53. In the light of these conclusions, the rapporteur suggests that the Assembly recommend that the Council of Europe member States:
- prevent the undermining of existing democratic standards when it comes to decisions linked to the “sovereign debt crisis” and possible joint European action to be taken;
- reflect on how such processes could be made more democratic in the future, also with regard to future economic policy making at the European level and, in the meantime, act with utmost transparency in taking any far-reaching decisions which profoundly affect a country’s economy;
- consider measures aimed at modernising democratic structures and processes by means of new forms of participation and consultation of citizens, such as referenda, wherever the constitution or legislation provide for such possibilities;
- re-examine current austerity programmes from the point of view of possible harm inflicted upon social rights standards;
- where appropriate after such an analysis, redirect austerity programmes towards sustainable economic growth in harmony with social and ecological standards;
- launch comprehensive and positive economic recovery programmes aimed at overcoming high rates of unemployment, especially amongst the young generation, and all their negative economic and social consequences;
- disconnect the long-term question of public finances from financial markets and their specific dynamics and short-term interests;
- pursue and support efforts undertaken to increase the regulation of the financial sector;
- introduce new taxes to be applied to high incomes and consider further measures aimed at increasing public resources in the future;
- consider applying a stronger approach to tax havens and introducing new taxes on financial transactions across Europe; these two issues are not developed further here given that the first was treated in depth in a report debated by the Assembly in April 2012, and the latter will be dealt with in a report currently being prepared by the Social, Health and Family Affairs Committee.
54. Member States of the Council of Europe should generally co-ordinate their action concerning the current crisis situation so as to ensure coherent and effective policy responses.

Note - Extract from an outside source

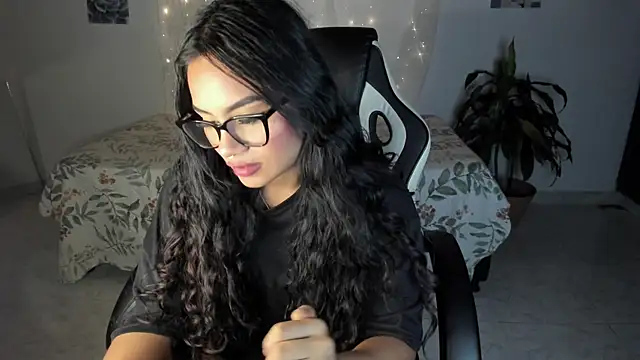 Snapshot of Riana_Kean chatting on November 12, 2:01 am Riana Kean online show from November 12, 2:01 am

The mutualisation of debts and joint negotiations with financial institutions by different European Union member States could be one possible approach. However, such measures need to be taken in a context of expansion of democracy to European levels as they could otherwise represent a further reduction of national governments’ autonomy in responding to crisis situations and elaborating economic policies.

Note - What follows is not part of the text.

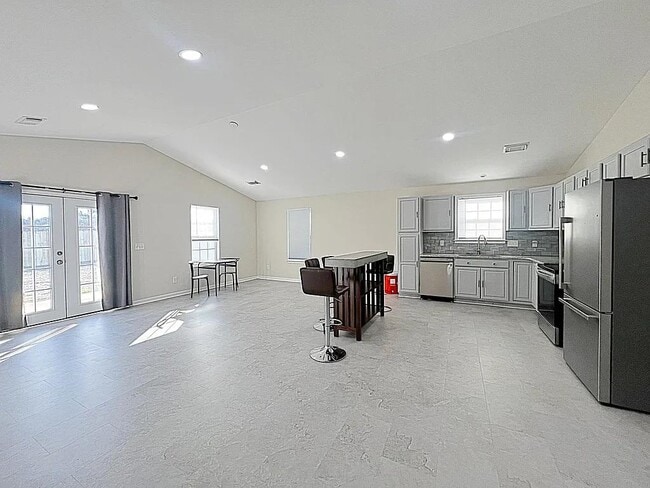 Building Photo - 511 Climbing Rose Ct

55. Beyond individual measures of this kind, co-ordinated policy responses could possibly, in the long term, lead to a renewed vision of the future European economy and a new European social model based on social rights as an integral part of human rights.
56. The Parliamentary Assembly, as Greater Europe’s parliamentary forum and “democratic conscience”, should call on member States to ensure the participatory rights of all democratic bodies and movements existing in a given country, in particular national parliaments, and to find new ways of giving citizens a say in the design and implementation of fiscal and economic policy measures which have a significant impact on the living conditions of the population.